THE service at Liverpool Parish Church on Tuesday was 100 years to the day since the first commemoration on 29 August 1917. Although that was a memorial service for all the fallen of the Liver­pool Scottish regiment, no one could have been in any doubt that Chavasse was the focal point.

He was the son of the Bishop of Liverpool, Francis Chavasse, who had told him after his first VC: You have been known so far as the son of the Bishop of Liverpool: I shall be known henceforth as the father of Captain Chavasse.” But it was right to include the entire regiment in the service: in the first month of Pas­schen­daele (from 31 July), 241 men from the Liverpool Scottish were killed or wounded. The press reports told of the widows and grieving parents who packed the church.

The horror of Passchendaele is unimaginable. In his diary, Private Edmund Herd, of the Liverpool Scottish, recorded: “Bandaging and stretcher-bearing was a terrible business and utterly beyond description. The continual cry of stretcher-bearers would have been heart-rending had we not become partly numbed by the ghastly sights.”

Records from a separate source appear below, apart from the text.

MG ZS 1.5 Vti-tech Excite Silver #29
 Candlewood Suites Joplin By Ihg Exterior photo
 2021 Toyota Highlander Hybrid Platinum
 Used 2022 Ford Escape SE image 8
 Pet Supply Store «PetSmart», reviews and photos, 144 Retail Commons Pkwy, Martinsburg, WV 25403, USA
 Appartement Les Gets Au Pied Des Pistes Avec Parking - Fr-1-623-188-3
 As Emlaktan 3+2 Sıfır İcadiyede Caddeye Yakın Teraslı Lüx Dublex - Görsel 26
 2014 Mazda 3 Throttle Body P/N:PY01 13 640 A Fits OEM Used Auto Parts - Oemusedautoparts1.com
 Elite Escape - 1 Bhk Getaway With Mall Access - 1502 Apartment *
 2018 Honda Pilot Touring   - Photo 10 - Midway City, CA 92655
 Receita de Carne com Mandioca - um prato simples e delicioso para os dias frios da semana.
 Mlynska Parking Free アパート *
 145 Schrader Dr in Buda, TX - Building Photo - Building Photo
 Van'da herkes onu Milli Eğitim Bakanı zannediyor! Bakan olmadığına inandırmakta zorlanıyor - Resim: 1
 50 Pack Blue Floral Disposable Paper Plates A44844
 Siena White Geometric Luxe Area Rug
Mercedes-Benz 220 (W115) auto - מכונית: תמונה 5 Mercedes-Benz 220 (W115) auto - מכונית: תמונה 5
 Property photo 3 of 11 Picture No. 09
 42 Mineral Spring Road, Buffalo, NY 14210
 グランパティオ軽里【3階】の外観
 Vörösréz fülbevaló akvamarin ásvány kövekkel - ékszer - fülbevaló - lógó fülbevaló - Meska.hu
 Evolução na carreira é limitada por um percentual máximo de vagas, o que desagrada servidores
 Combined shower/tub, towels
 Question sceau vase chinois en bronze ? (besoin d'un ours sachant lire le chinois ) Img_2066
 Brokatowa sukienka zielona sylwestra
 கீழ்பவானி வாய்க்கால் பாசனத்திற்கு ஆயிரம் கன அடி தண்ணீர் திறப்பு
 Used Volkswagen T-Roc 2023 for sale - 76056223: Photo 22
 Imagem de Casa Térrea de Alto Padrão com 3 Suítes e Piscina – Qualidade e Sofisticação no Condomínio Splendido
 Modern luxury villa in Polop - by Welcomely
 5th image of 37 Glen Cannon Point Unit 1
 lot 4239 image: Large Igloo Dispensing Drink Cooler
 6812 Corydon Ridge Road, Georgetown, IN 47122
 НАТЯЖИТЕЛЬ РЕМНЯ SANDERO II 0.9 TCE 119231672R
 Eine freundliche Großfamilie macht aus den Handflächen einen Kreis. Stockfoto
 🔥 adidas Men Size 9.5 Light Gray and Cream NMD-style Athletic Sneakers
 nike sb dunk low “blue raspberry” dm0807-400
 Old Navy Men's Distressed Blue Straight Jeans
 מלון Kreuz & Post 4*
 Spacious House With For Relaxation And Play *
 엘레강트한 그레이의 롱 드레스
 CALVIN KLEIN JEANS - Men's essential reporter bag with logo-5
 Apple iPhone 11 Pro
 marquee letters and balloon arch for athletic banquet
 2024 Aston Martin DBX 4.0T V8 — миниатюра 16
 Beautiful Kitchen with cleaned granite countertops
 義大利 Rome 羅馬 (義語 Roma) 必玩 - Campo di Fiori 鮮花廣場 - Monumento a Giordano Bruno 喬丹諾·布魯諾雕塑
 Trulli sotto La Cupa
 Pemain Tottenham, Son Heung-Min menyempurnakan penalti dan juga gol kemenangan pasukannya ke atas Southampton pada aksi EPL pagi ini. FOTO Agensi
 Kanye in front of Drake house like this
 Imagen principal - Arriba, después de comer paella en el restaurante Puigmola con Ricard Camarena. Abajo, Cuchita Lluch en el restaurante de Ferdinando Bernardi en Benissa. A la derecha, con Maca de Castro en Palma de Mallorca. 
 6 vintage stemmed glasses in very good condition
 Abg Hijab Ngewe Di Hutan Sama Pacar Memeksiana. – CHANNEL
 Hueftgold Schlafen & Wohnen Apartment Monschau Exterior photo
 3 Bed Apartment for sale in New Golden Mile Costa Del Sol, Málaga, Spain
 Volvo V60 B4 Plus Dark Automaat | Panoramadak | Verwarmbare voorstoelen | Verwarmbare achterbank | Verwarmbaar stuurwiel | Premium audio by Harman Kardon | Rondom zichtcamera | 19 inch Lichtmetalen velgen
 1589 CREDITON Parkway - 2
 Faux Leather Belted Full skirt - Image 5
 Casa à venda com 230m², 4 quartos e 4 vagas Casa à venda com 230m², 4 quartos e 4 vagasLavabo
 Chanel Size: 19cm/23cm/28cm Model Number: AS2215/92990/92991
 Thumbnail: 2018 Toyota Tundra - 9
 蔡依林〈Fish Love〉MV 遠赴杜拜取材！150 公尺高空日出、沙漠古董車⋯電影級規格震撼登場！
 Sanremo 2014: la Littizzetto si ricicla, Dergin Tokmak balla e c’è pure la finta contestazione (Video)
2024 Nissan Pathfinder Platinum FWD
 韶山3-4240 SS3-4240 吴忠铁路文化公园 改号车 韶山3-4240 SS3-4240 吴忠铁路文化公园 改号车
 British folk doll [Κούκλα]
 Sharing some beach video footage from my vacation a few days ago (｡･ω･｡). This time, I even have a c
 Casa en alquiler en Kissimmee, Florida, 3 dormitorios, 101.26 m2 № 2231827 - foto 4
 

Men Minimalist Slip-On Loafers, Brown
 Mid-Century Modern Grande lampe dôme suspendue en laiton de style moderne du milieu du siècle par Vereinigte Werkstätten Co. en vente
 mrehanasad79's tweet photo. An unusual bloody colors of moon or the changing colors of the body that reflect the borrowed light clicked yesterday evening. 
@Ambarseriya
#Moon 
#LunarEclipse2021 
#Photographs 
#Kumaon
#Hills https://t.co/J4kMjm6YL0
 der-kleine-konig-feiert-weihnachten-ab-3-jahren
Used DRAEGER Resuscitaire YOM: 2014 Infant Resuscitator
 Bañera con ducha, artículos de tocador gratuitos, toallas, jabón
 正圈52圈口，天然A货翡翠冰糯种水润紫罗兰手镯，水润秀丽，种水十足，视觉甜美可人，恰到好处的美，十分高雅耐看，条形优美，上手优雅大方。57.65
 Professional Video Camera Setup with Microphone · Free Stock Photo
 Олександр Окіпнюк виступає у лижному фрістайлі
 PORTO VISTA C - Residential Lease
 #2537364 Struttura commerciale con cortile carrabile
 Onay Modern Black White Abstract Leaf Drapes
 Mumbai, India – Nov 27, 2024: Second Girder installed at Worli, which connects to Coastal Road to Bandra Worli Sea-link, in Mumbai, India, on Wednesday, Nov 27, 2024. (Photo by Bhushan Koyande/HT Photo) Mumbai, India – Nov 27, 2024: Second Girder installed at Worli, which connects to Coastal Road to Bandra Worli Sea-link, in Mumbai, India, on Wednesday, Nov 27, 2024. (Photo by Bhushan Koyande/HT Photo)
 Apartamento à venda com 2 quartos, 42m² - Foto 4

Herd’s diary shows a great devotion to Chavasse: on 4 August, he wrote: “Our beloved Doctor dies in hospital at Brandhoek. . . The loss is terrible; a more unselfish man it would be impossible to find. There was no need for him, in fact he was not expected, to go out in the open as he did, not only to help his own battalion but others too.”

 

LIKE so many other families, Bishop Francis Chavasse and his wife had other sons at the front, as well as three daughters at home. Aidan had gone missing in action a month before Noel’s death, and Bernard (also with the Medical Corps) had written to his father with as many details of Noel’s death as he could discover. As Noel’s identical twin, Christopher was undoubtedly the one who knew him best.

Gathering together the entire family for the memorial in Liver­pool proved impossible, but the service reflected the faith that they all shared. The Chavasse family were Evangelical in temperament and, in the context of the age, both sacramental and pious. Noel’s letters to his father often noted when he had received communion (though such devotional details are generally reserved for the Bishop rather than others).

On 16 October 1916, he wrote: “At midday I rushed off and at­­tended Holy Communion in a ruined Church. There were a lot of men and officers there and it was really a very impressive sight to see them kneeling so reverently and expectantly to receive the sacra­ment. Really I think I have never seen men look more manly.”

At the memorial service in Liver­pool in 1917, and repeated in the service last week, his favourite hymns were sung: “Just as I am” and “Praise to the Holiest. As much as the first leans towards sentimentalism, so the latter is laced with theology; they both show a profound acceptance of salvation through Jesus Christ. Francis wrote of Noel: “He was a man of valour because he was a man of God.”

Since his death, many have claimed Noel Chavasse as their own — from his schools to his regiment, and from universities to the City of Liverpool — but in fact it is only his faith that draws together all the elements of his life.

Preaching at the 1917 service, Canon J. L. Lancelot, who had been his headmaster at Liverpool College, said of him: “He might have been a great surgeon; he might have been a really great clergyman and medical missionary, such was the vision that floated before his mind from boy­hood; but he was already a great Christian.”

 

The Revd Dr Crispin Pailing is the Rector of Our Lady and St Nicholas, Liverpool.